In 1992 was het James Carville, de man die Bill Clintons verkiezingscampagne leidde. In 2000 en 2004 was het Karl Rove, die George W. Bush het Witte Huis bezorgde. En in 2008 is David Plouffe de "goeroe", de slimme strateeg die Barack Obama de weg naar de overwinning wees.
David Plouffe (41) was geen onbekende binnen Democratische kringen toen hij Barack Obama voor het eerst ontmoette. Dat was in 2003, toen Obama een campagneteam zocht voor zijn verkiezing tot senator voor de staat Illinois.
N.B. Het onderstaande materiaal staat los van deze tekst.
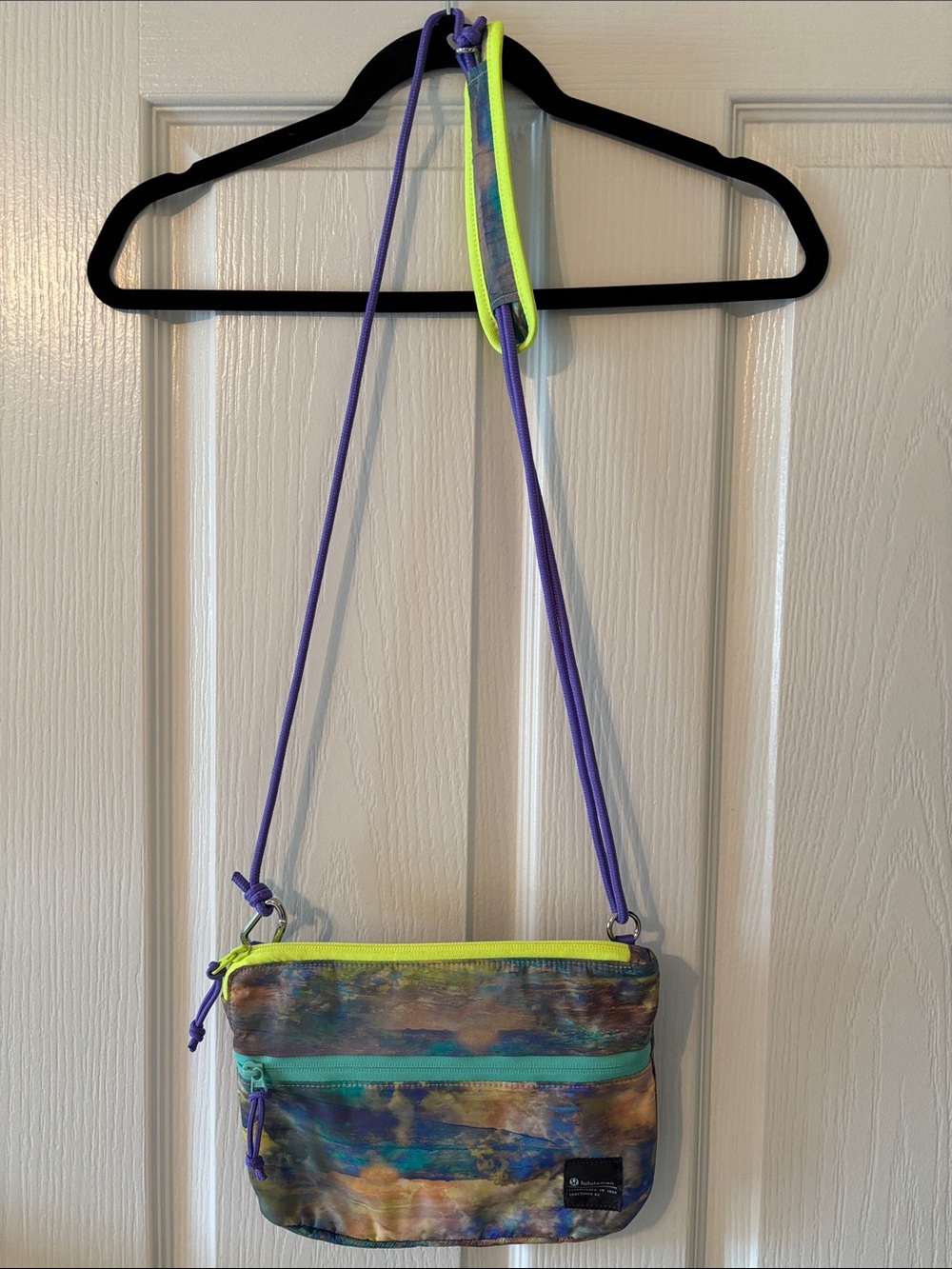 90s Throwback Lululemon Athletica Multicolor Crossbody Bag with Purple Strap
Geen onbekende, maar wel een vreemde eend in de bijt die vanwege zijn onorthodoxe visie op electorale strategieën lang niet altijd serieus werd genomen door andere strategen.
Plouffe begon zijn carrière al in 1988, op 21-jarige leeftijd, toen hij als manusje van alles aan het werk toog voor de Democratische partij. Zijn studie politicologie maakte hij net niet af.
Zijn eerste campagne was voor de herverkiezing van senator Tom Harkin, in 1990. In 1992 werkte hij weer voor Harkin, toen die een gooi deed naar het presidentschap. Zoals bekend, verloor Harkin de voorverkiezingen van Bill Clinton.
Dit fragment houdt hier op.